How to complete this task: Transcribe exactly, and without pictures, only the lines from the one bearing "this 1270×952 image." through the final line of the data below.

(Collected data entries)
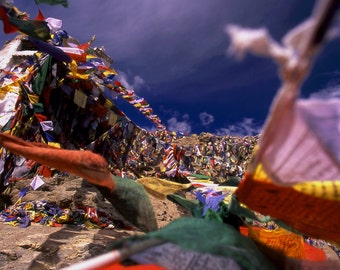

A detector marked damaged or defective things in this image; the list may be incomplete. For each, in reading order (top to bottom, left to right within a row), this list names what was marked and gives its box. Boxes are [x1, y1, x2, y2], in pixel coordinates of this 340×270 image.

tattered fabric flag [232, 0, 340, 240]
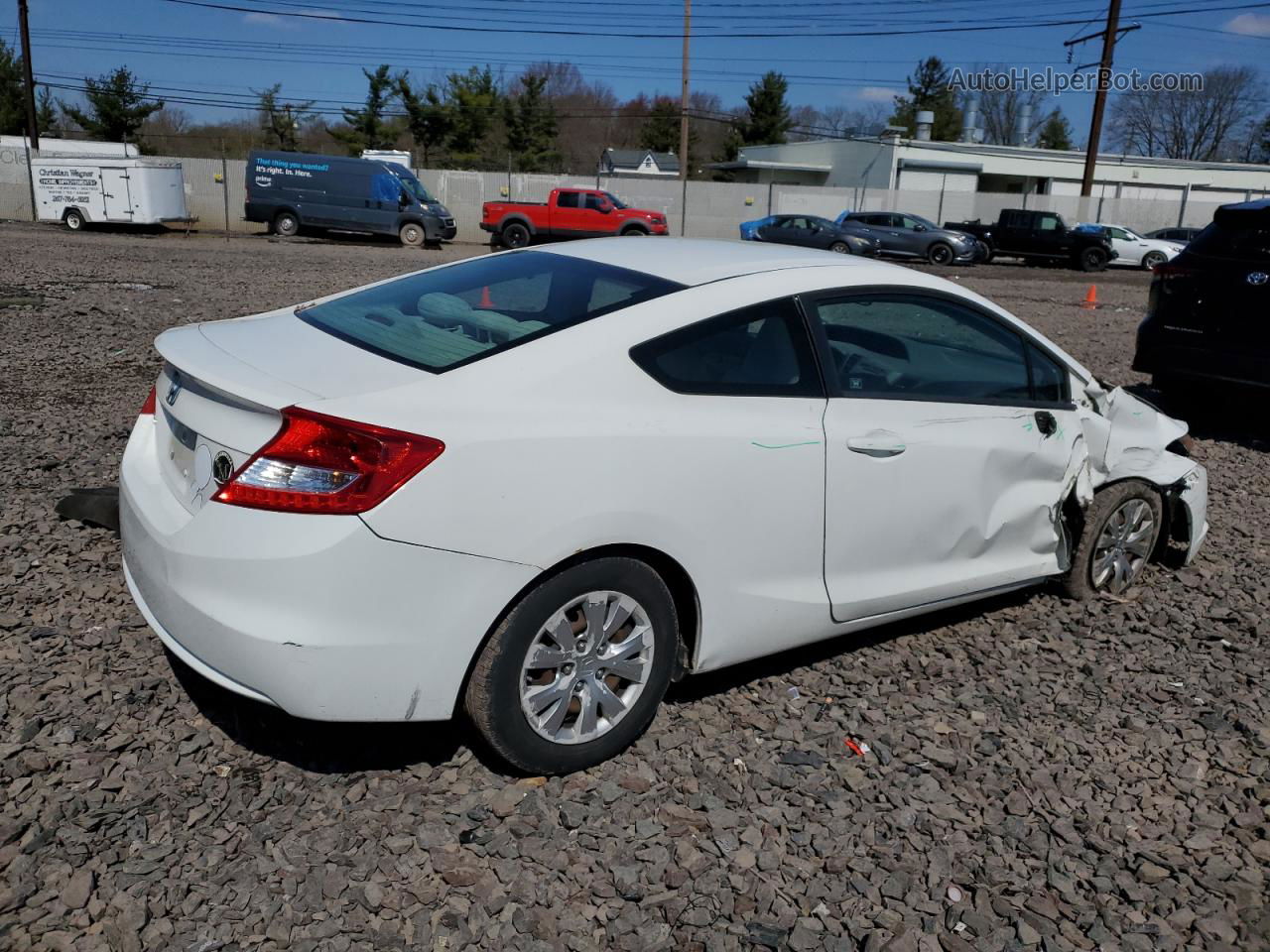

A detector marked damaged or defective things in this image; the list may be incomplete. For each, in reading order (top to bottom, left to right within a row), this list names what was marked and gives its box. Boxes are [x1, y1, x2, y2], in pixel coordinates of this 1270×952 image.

dented car door [802, 287, 1081, 622]
exposed wheel well damage [451, 542, 700, 715]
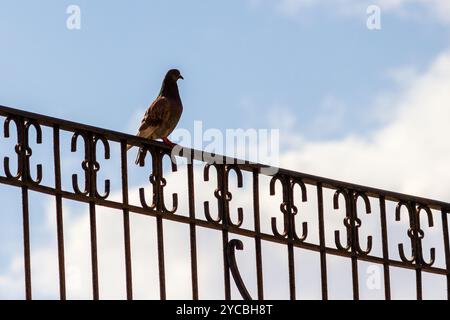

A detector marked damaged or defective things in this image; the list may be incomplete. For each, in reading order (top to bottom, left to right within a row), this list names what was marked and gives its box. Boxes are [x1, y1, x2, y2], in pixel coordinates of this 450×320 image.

Solution to the exercise:
A detector marked damaged or defective things in this image; the list may be incomplete. For each, in reading order (top to bottom, left to right within a row), this list names what was marked and gives its box. Boxes are [x1, y1, x2, y2], in pixel coordinates of this 1270×952 image.

dented car door [802, 287, 1081, 622]
exposed wheel well damage [451, 542, 700, 715]

A detector marked damaged or defective things in this image; the list may be incomplete. For each, in reading order (top to bottom, left to right within a row), this list names what was marked and gives its box. Boxes are [x1, y1, x2, y2], in pixel coordinates of this 450×320 image.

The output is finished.